In 2015, while living in ISIS-occupied Mosul, Al-Jumailly and his now-ex-wife purchased a Yazidi woman and child as slaves.
The Yazidis, a Kurdish-speaking group from northern Iraq, have been persecuted by ISIS extremists who have taken them as slaves or recruited them to fight.
Afterwards the fanatic and German national partner Jennifer Wenisch moved to Fallujah, where he carried out the punishment on the young girl.
A Frankfurt court heard he chained her to a window outdoors in 122F (50C) as punishment for wetting the bed. She later died of thirst.
Wenisch was sentenced last month to 10 years in prison.
Iraqi Al-Jumailly, who was arrested in Greece and extradited to Germany two years ago, had to face his victim’s mother in court after she testified at both trials.
After he was sentenced, lawyer Natia Navrouzov, hailed the move as a “historic” moment for the Yazidi community.
She said: “It is the first time in Yazidi history that a perpetrator stands in a court of law for genocide charges”.
She added that the trial sends a ‘clear message’ to ISIS militants, who Al-Jumailly joined in 2013.
Ms Navrouzov said: “It doesn’t matter where the crimes were committed and it doesn’t matter where the perpetrators are, thanks to the universal jurisdiction, they can’t hide and will still be put on trial.”
Amal Clooney was also part of the team representing the girl and her mother, although she was not in court for the final day.
Last month, Islam convert Wenisch, 30, was sentenced to 10 years in prison by a Munich court for the war crime of letting the five-year-old Yazidi ‘slave’ girl die.
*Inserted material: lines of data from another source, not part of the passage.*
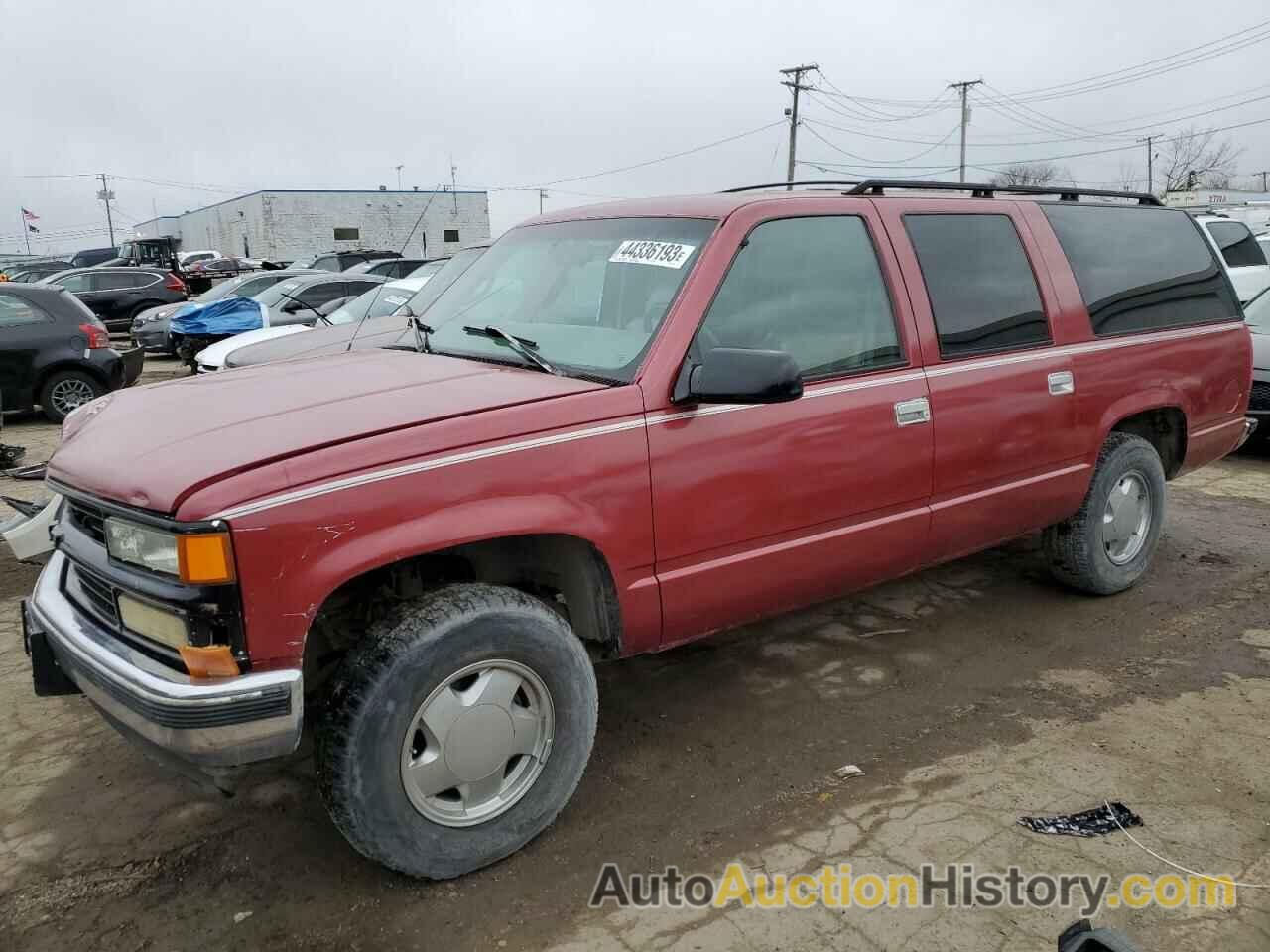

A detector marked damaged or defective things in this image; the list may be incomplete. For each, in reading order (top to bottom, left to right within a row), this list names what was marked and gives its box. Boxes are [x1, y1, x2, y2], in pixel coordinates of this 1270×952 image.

dented hood [47, 347, 603, 512]
cracked pavement [2, 373, 1270, 952]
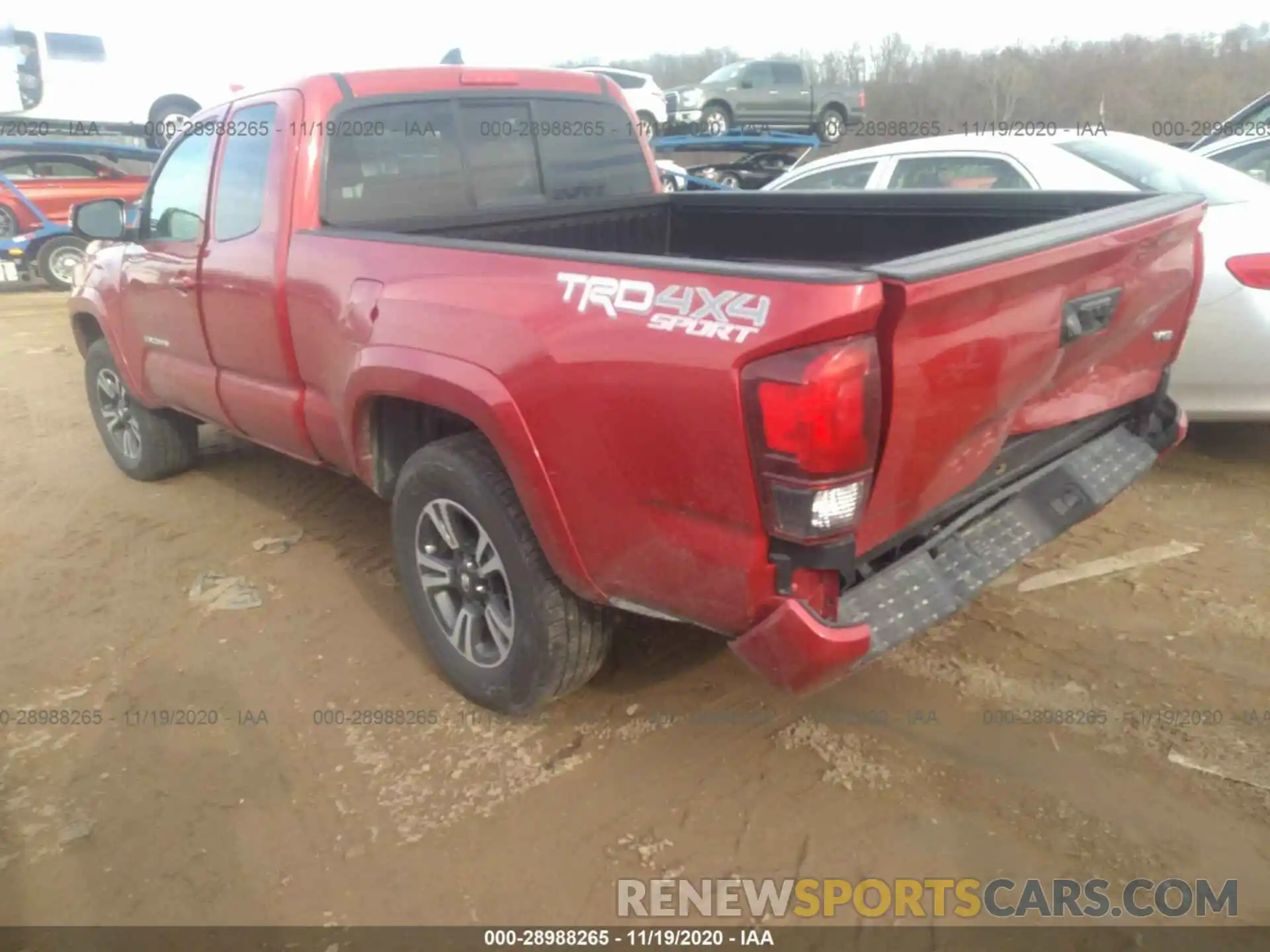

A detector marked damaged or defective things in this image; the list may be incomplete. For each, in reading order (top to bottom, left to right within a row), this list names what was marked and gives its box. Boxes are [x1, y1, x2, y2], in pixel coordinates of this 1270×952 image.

damaged rear bumper [730, 410, 1185, 693]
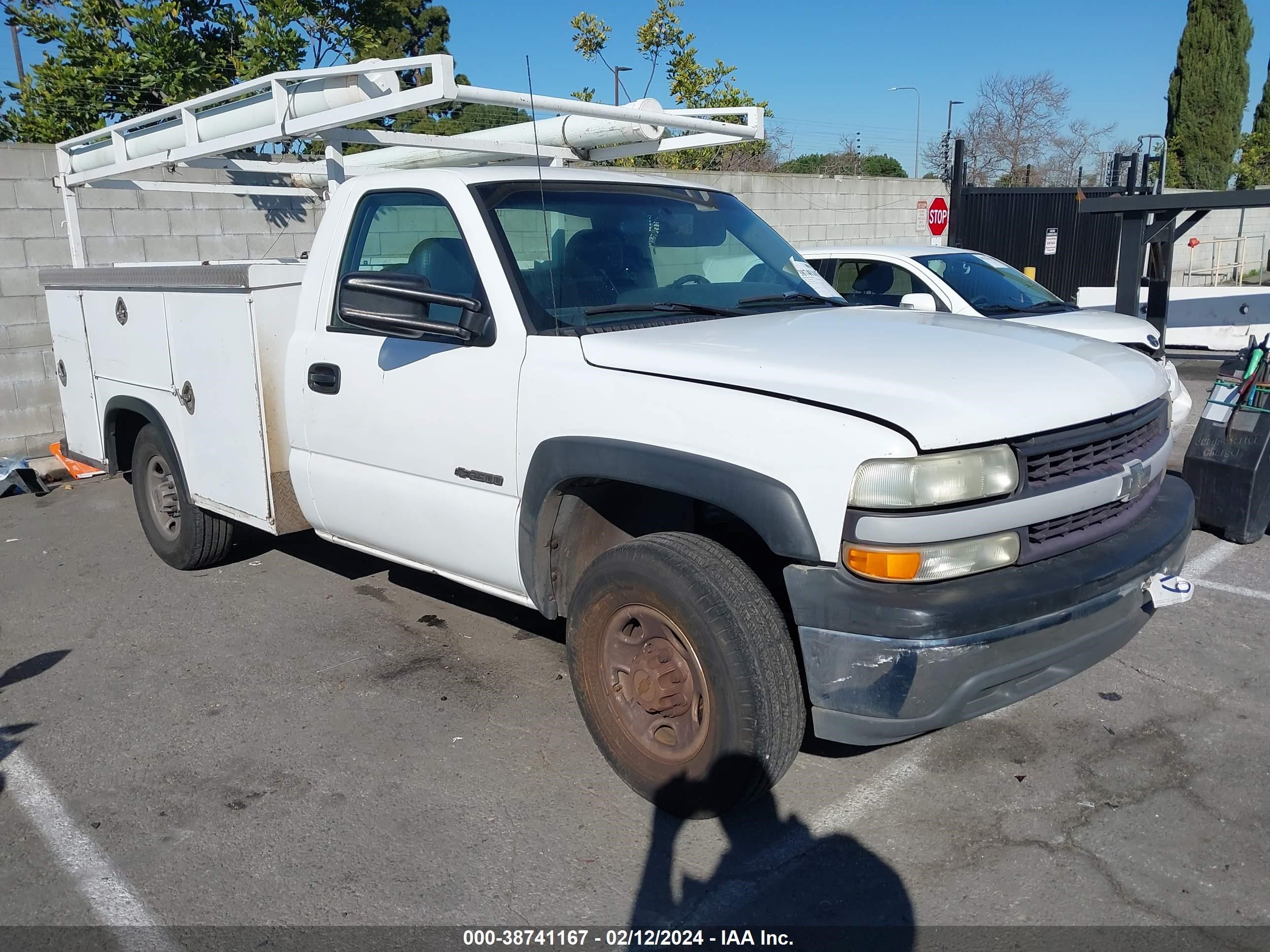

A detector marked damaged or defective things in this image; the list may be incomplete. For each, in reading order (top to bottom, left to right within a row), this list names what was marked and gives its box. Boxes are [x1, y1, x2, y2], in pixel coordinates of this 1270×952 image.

Wenisch converted to Islam in 2013, where she “allowed” her husband to carry out the crime and “did nothing to save the girl”.
The girl’s mother and fellow slave, identified only as Nora, testified at both trials despite Wenish’ lawyers trying to claim she was untrustworthy.
The team went as far as claiming there was no proof that the girl actually died.
Despite the caliphate being mainly in 2019, pockets of ISIS resistance still exist.
Earlier in November ISIS terrorists launched an attack on a Nigerian army base, causing civilians to ‘flee in terror’.
Footage shared on social media shows thick black smoke rising in the Askira area of Borno State after the jihadis launched their assault.
The area of Northern Nigeria has faced multiple raids from Islamist groups in recent years.